Ces deux hommes, aujourd’hui au cœur de tous les sujets, se sont enfin retrouvés face à face, contraints de se regarder dans les yeux. Enfin, « se regarder dans les yeux ? » Tu parles. Samuel Eto’o, en habile stratège, avait soigneusement dissimulé son regard derrière ses lunettes de soleil, comme pour éviter le face-à-face direct avec le ministre, dont le regard semblait plus perçant, plus lumineux. Il faut dire qu’Eto’o, bien conseillé, sait jouer de son image. Tantôt coiffé d’un chapeau, tantôt vêtu de couleurs voyantes pour se démarquer dans la foule, il sait comment imposer une distance, subtilement, sans manquer ostensiblement de courtoisie. Hier, encore une fois, il n’a que rarement brillé sous les feux des caméras, sauf lorsqu’il est allé saluer les joueurs. Ce qui était étonnant.

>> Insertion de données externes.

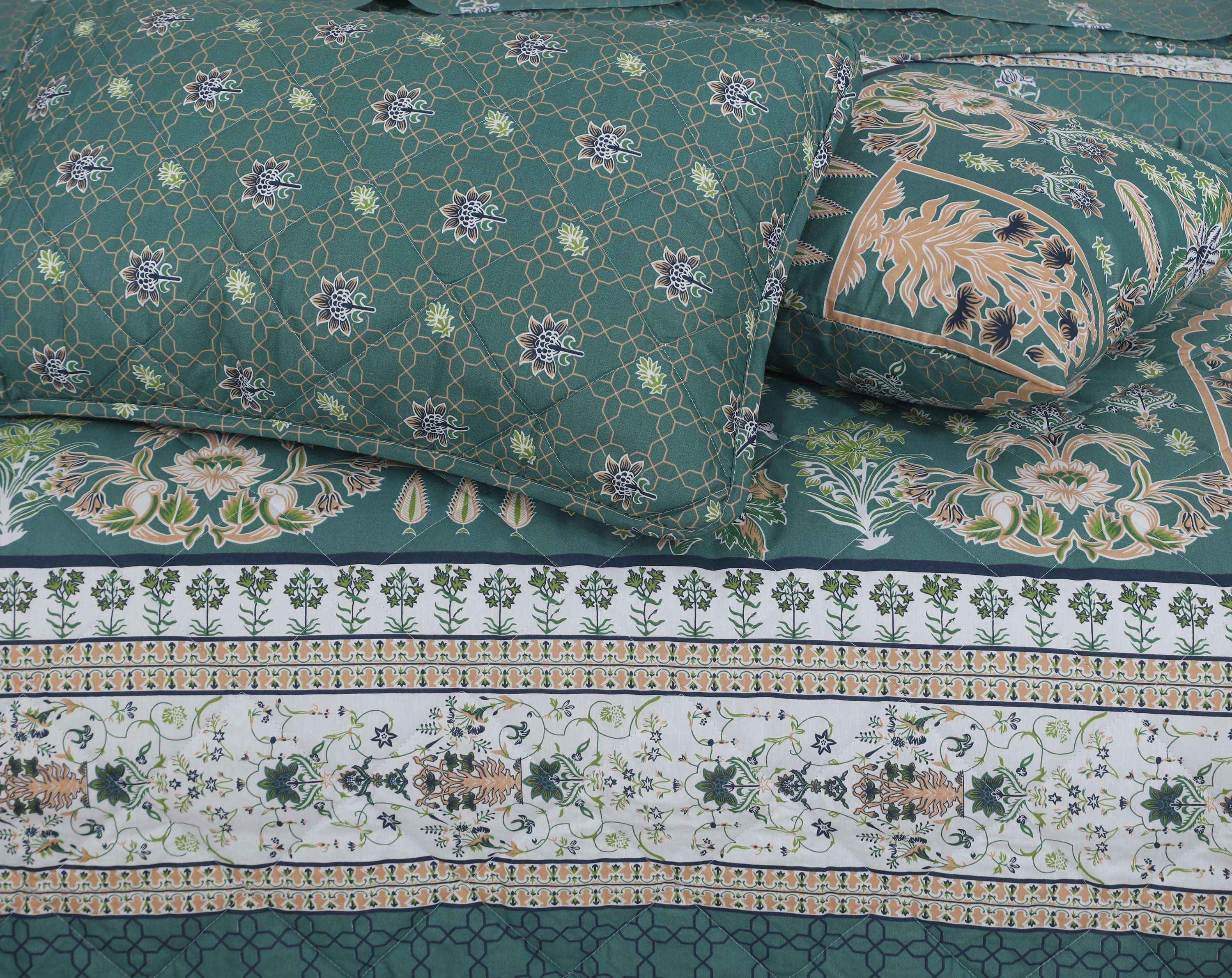 Quilted Comforter Set 6 Pcs Design 995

Le coup d’envoi devait être donné, et Eto’o devait accompagner son ministre. Les deux ont parcouru les 30 mètres ensemble, le protocole a fait signe à Eto’o Fils à une quinzaine de mètres du ballon, lui offrant ainsi le loisir d’admirer la démarche élégante du ministre qu’il a tant désavoué les prises de décisions. La marche du ministre, me rappelle un écho lointain à celle des « Clanistes » Douala à l’époque de Soppo Priso. Quelques mots furent échangés entre les deux hommes. Le ministre, affable, s’est adressé à Eto’o avec l’autorité tranquille d’un aîné donnant des conseils à son fils, tandis qu’Eto’o, fidèle à lui-même, écoutait avec cette réserve qu’on lui connaît.
C’était un dialogue de sourds, mais un dialogue néanmoins. Tous deux manient l’art de la langue de bois avec une maîtrise digne des plus grands diplomates, et ce jeu de codes a suffi à apaiser les tensions apparentes. Mais le code est passé par le protocole qui arrête Eto’o pour laisser le ministre s’avancer, afin qu’il comprenne. c’était bien ficelé. Eto’o, autrefois impétueux semble avoir gagné en sagesse. Désormais, il pèse ses mots, affiche un respect feutré, bien que toujours marqué par une certaine réserve. Ces retrouvailles n’étaient pas celles de vieux amis, mais de deux rivaux respectueux.
Heureusement, les deux hommes ont su éviter l’écueil de l’affrontement direct. Leur rencontre, habilement orchestrée, a offert au public camerounais le spectacle de la réconciliation apparente, sans toutefois verser dans l’agressivité. C’était bien là le but : montrer au monde entier un Cameroun uni, apaisé, malgré les conflits sous-jacents. Hier, il le fallait, et ce n’est pas mal puisque c’est ce que le peuple veut. Mais est-ce ce que le gouvernement souhaite ? Je ne crois pas, car cela alimente son jeu et distrait le peuple. On utilise deux personnes qui dansent pour divertir, et hier, pour montrer la fluidité des choses, il fallait faire preuve de moins d’agressivité. C’est une bonne chose pour le Cameroun, car de nombreux pays ont suivi notre coupe pour observer si un conflit ouvert éclaterait. Dieu merci, les deux ont réussi à éviter les fausses notes.